Background: The hemolytic-uremic syndrome consists of the triad of microangiopathic hemolytic anemia, thrombocytopenia, and renal failure. The common form of the syndrome is triggered by infection with Shiga toxin-producing bacteria and has a favorable outcome. The less common form of the syndrome, called atypical hemolytic-uremic syndrome, accounts for about 10% of cases, and patients with this form of the syndrome have a poor prognosis. Approximately half of the patients with atypical hemolytic-uremic syndrome have mutations in genes that regulate the complement system. Genetic factors in the remaining cases are unknown. We studied the role of thrombomodulin, an endothelial glycoprotein with anticoagulant, antiinflammatory, and cytoprotective properties, in atypical hemolytic-uremic syndrome.
Methods: We sequenced the entire thrombomodulin gene (THBD) in 152 patients with atypical hemolytic-uremic syndrome and in 380 controls. Using purified proteins and cell-expression systems, we investigated whether thrombomodulin regulates the complement system, and we characterized the mechanisms. We evaluated the effects of thrombomodulin missense mutations associated with atypical hemolytic-uremic syndrome on complement activation by expressing thrombomodulin variants in cultured cells.

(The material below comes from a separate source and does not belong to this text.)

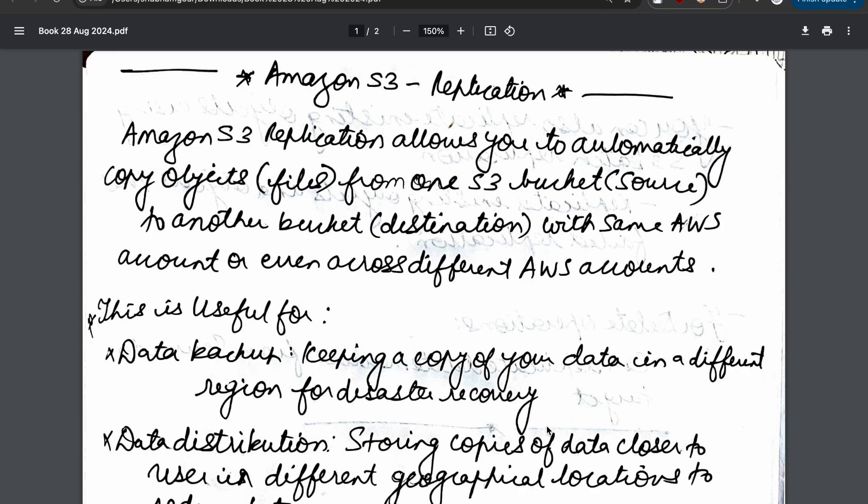All right, so let us discuss AWS S3 replication. The word replication itself says what the tool actually does. Basically, AWS S3 allows you to automatically copy objects from one source to another - from source bucket to destination bucket. We have two options: we can either copy the object from the same account or across accounts.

Results: Of 152 patients with atypical hemolytic-uremic syndrome, 7 unrelated patients had six different heterozygous missense THBD mutations. In vitro, thrombomodulin binds to C3b and factor H (CFH) and negatively regulates complement by accelerating factor I-mediated inactivation of C3b in the presence of cofactors, CFH or C4b binding protein. By promoting activation of the plasma procarboxypeptidase B, thrombomodulin also accelerates the inactivation of anaphylatoxins C3a and C5a. Cultured cells expressing thrombomodulin variants associated with atypical hemolytic-uremic syndrome had diminished capacity to inactivate C3b and to activate procarboxypeptidase B and were thus less protected from activated complement.
Conclusions: Mutations that impair the function of thrombomodulin occur in about 5% of patients with atypical hemolytic-uremic syndrome.